So, Ajak would say that she loves all her children equally. She would never have favourites!
But yes she does and it's Sersi--hear me out!
It's not just the picking her to take over as Prime, because that's obvious. But I'm talking about how I think Sersi is the most human of all the Eternals.
Ajak loves all her kids. They function all together, as a family, even the cantankerous Druig and stubborn Ikaris and prickly Thena. Ajak wouldn't change anything about them.
But Sersi is different. From the moment they first awaken Ajak knows Sersi has insatiable curiosity, and passion, and love for all she does. Ajak sees how much Sersi loves life in all its forms and admires it, maybe even envies how much more freely Sersi can love without the burden of the truth weighing on her.
Ikaris is her secondhand, and he knows all that she does (mostly). He becomes a confidante to her in a way none of her other children are. And yet this ultimately dooms them both to never actually being able to depend on each other in an emotionally healthy way. Both are a pillar of the irrevocable truth and fear how it will crush their family if they move from that.
But that's why I think Thena's role in this is so fascinating (my bias is showing, I'm well aware). Because Thena also knows the truth, on some level, even from the beginning. It can be argued even before then--maybe she always gets Mahd Wy'ry, maybe she always remembers the horrors that they facilitate in their missions.
Ajak knows this. That's why she suggests erasing Thena, because she really does love her, and she knows firsthand the burden of knowledge. Thena already had wisdom, it's the knowledge that really endangered her.
I also think that's why Druig's relationship to Thena is so much deeper than what we got in the movie. He speaks up for her--he speaks up for her against Ajak, and Ikaris, and Arishem himself. He believes that Thena has a right not to want to forget their lives, and he obviously doesn't trust the answers he gets from Ikaris or their Prime.

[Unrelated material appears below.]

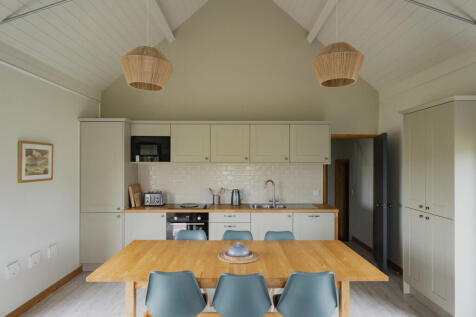 237790 - Whitehouse Barns, Bulcamp Drift-23.jpg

Ajak is a very complicated character. She's not entirely right, she's not wrong either, and I do believe that she does the best with what she has. And that she loves her children. That, above all else, is what drives this person: love for her children and for people.

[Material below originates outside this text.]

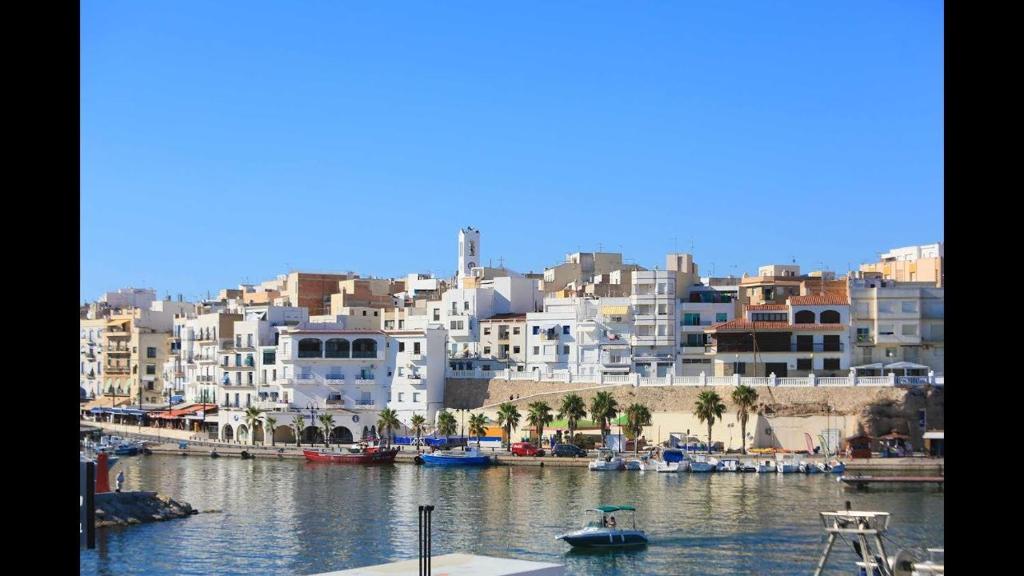 Villa voor 8 personen met zwembad, Calafat – Updated 2023 Prices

And that's Sersi's favourite thing: people. Sersi loves life and the people in it, and everything in between. Sersi is who Ajak could be if she didn't have the burden of their mission on her. And yes, she does impress that onto Sersi and burden her with that. It's hard to reconcile, and confusing, and it creates hardship for Sersi. But Ajak did so knowing Sersi was the right one to take this on.
Because this mother has high hopes for her daughter, and she knows what she can handle because she forged this child's soul from her own.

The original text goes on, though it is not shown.